# Collection entries
#####
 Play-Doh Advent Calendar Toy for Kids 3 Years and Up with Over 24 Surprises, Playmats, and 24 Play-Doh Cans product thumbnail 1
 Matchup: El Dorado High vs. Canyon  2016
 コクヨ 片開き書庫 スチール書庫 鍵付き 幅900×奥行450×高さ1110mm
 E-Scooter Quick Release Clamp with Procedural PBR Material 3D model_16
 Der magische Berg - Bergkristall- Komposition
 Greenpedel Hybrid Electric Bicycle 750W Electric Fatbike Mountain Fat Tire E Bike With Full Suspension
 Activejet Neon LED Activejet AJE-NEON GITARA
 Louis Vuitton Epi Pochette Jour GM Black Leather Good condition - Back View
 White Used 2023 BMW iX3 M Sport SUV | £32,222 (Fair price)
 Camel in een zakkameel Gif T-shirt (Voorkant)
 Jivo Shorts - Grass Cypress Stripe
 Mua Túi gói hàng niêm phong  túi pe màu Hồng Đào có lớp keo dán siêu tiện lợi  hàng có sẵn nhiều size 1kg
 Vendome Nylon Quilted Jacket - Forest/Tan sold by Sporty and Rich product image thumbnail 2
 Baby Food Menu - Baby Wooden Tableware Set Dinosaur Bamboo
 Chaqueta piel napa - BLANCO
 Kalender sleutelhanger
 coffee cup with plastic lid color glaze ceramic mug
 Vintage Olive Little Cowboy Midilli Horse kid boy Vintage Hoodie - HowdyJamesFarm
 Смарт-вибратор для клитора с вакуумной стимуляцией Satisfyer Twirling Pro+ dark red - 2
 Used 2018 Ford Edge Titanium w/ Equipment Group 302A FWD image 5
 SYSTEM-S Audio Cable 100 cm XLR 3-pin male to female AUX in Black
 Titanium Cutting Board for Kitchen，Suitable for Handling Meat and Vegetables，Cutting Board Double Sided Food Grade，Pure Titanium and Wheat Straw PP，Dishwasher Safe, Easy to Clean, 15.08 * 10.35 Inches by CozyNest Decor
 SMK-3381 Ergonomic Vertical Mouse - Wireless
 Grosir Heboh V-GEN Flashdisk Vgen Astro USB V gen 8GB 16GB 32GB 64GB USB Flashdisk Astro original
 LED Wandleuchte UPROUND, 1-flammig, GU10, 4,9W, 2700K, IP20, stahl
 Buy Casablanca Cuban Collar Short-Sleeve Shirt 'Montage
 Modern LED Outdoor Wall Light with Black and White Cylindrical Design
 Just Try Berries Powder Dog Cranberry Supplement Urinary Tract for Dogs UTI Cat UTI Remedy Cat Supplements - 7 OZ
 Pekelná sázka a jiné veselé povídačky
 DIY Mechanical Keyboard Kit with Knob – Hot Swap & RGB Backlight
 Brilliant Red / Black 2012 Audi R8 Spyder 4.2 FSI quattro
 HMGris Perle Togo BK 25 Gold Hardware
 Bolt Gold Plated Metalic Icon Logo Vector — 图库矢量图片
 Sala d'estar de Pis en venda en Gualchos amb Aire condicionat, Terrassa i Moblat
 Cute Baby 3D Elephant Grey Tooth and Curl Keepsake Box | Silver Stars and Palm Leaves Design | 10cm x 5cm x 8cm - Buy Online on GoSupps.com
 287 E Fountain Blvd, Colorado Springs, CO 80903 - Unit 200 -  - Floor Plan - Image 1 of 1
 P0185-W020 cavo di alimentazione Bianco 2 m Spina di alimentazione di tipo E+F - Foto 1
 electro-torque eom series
#####
# TO DO
From the records given above, copy all lines containing "Baby".

# OUTPUT BELOW
 Baby Food Menu - Baby Wooden Tableware Set Dinosaur Bamboo
 Cute Baby 3D Elephant Grey Tooth and Curl Keepsake Box | Silver Stars and Palm Leaves Design | 10cm x 5cm x 8cm - Buy Online on GoSupps.com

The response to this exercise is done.